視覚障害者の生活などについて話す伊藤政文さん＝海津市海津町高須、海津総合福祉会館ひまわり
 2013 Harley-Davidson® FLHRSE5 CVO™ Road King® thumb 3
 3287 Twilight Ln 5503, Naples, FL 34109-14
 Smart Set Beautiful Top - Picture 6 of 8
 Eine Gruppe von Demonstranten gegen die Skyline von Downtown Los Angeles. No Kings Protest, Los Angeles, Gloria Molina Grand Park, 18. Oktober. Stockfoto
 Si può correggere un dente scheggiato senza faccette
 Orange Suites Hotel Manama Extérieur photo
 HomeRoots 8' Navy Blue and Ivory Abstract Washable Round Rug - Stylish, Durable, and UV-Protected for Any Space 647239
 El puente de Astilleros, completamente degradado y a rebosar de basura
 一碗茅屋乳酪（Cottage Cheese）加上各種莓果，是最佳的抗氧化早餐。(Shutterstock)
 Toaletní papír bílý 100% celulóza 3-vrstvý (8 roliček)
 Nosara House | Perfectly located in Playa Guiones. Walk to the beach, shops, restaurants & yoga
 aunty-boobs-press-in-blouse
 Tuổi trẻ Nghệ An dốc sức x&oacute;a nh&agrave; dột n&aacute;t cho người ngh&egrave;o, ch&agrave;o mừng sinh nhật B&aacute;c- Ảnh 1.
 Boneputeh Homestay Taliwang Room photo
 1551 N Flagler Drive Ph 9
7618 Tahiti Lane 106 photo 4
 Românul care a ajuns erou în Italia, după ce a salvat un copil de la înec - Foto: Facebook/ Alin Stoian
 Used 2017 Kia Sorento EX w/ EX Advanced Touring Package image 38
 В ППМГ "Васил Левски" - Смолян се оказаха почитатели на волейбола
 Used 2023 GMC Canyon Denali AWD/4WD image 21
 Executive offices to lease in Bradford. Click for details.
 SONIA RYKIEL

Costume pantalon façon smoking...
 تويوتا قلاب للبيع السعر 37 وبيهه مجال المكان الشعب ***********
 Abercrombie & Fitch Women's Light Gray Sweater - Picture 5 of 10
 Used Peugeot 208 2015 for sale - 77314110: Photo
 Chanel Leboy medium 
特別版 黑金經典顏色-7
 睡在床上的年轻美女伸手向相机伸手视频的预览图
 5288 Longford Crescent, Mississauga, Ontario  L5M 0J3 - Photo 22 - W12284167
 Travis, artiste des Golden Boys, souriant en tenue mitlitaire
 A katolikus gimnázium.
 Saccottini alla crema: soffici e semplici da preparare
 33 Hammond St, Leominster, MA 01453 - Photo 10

**To do**:
The lines to return begin at the first line of the records and end at the line holding "Used 2017 Kia"; please return them exactly, including both, and nothing beyond.

**Task result**:
視覚障害者の生活などについて話す伊藤政文さん＝海津市海津町高須、海津総合福祉会館ひまわり
 2013 Harley-Davidson® FLHRSE5 CVO™ Road King® thumb 3
 3287 Twilight Ln 5503, Naples, FL 34109-14
 Smart Set Beautiful Top - Picture 6 of 8
 Eine Gruppe von Demonstranten gegen die Skyline von Downtown Los Angeles. No Kings Protest, Los Angeles, Gloria Molina Grand Park, 18. Oktober. Stockfoto
 Si può correggere un dente scheggiato senza faccette
 Orange Suites Hotel Manama Extérieur photo
 HomeRoots 8' Navy Blue and Ivory Abstract Washable Round Rug - Stylish, Durable, and UV-Protected for Any Space 647239
 El puente de Astilleros, completamente degradado y a rebosar de basura
 一碗茅屋乳酪（Cottage Cheese）加上各種莓果，是最佳的抗氧化早餐。(Shutterstock)
 Toaletní papír bílý 100% celulóza 3-vrstvý (8 roliček)
 Nosara House | Perfectly located in Playa Guiones. Walk to the beach, shops, restaurants & yoga
 aunty-boobs-press-in-blouse
 Tuổi trẻ Nghệ An dốc sức x&oacute;a nh&agrave; dột n&aacute;t cho người ngh&egrave;o, ch&agrave;o mừng sinh nhật B&aacute;c- Ảnh 1.
 Boneputeh Homestay Taliwang Room photo
 1551 N Flagler Drive Ph 9
7618 Tahiti Lane 106 photo 4
 Românul care a ajuns erou în Italia, după ce a salvat un copil de la înec - Foto: Facebook/ Alin Stoian
 Used 2017 Kia Sorento EX w/ EX Advanced Touring Package image 38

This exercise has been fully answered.